5. BİLGİ KURAMI: PLATON
Giriş
İdeanın felsefe tarihinde taşıdığı önemin belirgin örneği Platon’un felsefesidir. Platon felsefesi açısından İdea kavramı ele alınırken, onun idea kavramına yüklediği anlamlar da ortaya çıkar. İdea, Platon felsefesinde, felsefe problemlerinin çözülmesinde merkezi bir yer tutmaktadır. Özellikle fiziksel maddi dünyayı anlamaya çalışırken Platon ünlü mağara örneği ile duyulur dünyanın geçiciliğini ve değişkenliğini vurgularken, asıl olanın akılla kavranan dünya olduğunu ileri sürmektedir. Ona göre gerçek olan, sürekli, değişmez ve kalıcı olmalıdır. Bu beklentiyi yerine getirenler ise, idealar ve idealardan oluşan dünyadır. Demek ki insan bir taraftan duyulur olan fiziksel maddi dünyaya, öteki taraftan da idealar dünyasına bağlıdır, ancak asıl olan idealar dünyasıdır.
İdealar dünyasında, duyulur dünyada bulunan her şeyin ilk örnekleri bulunmaktadır. Gölgeler dünyası olarak de değerlendirilen duyulur dünya ise geçicidir ve buradaki her nesne idealardan pay almıştır. Platon için idea kilit kavram rolü görmektedir ve varlık felsefesinin temeli olan bu idealar görüşü filozofun ahlak, siyaset anlayışının da temelini oluşturmaktadır.
5.1. Platon: İdea Kavramı
Batı felsefe tarihinde idea kavramının analizinin Platon ve Aristoteles’ten başlatılması geleneği vardır. Özellikle Platon söz konusu olduğunda İdea kavramı, söz gelimi Locke’ta kazandığı her türden zihinsel içeriği olma anlamından çok, bilgiye kaynaklık eden ana yapı olarak karşımıza çıkmaktadır. Diğer yandan antik çağ filozoflarının bütün bir batı felsefesinin atası konumunda olduğu göz önünde bulundurulursa, Yeni Çağ düşünürlerinin taşıdığı düşünsel mirasın Platon ve Aristoteles’e geri götürülebileceğini söylemenin çok da yanlış olmaz. Nitekim ide kavramı söz konusu olduğunda antikçağ ve yeniçağda kazandığı anlamlar arasındaki farklılıkların, birbirinden bütünüyle farklı iki şeyin aynı isimle adlandırılmış olması durumundan çok, bu kavramın tarih içerisinde geçirdiği değişim ve dönüşüm olarak yorumlanması uygun olacaktır.
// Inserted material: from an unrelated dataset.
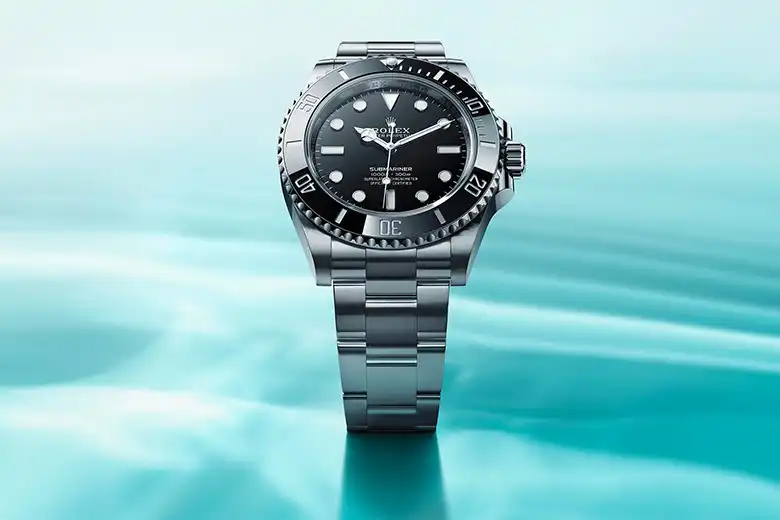 Rolex Submariner M124060-0001 - Swiss Time Square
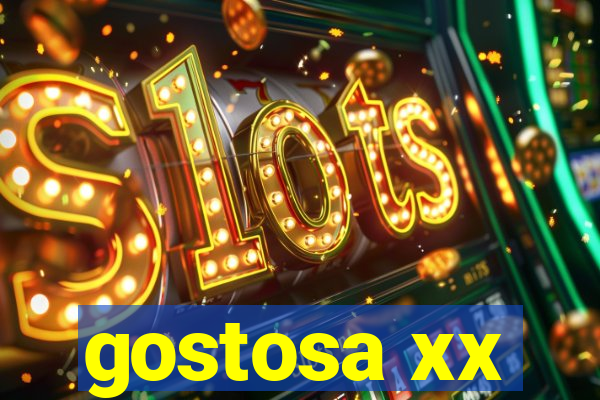 gostosa xx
Platon felsefesinin temel direklerinden biri duyusal deneyimimize konu olan dünya ile saf akılla kavradığımız dünya arasındaki ayrımdır. Bu ayrım uyarınca deneyimimize konu olan dünya değişme ve oluşa tabi olan yanılsamaların dünyasıdır. Çünkü duyularımız ile algıladığımız her şey, sürekli olarak değişen, dönüşen bir yapıdadır. Bu bakımdan, duyusal olanların sürekliliğinden ya da sabitliğinden bahsedemeyiz.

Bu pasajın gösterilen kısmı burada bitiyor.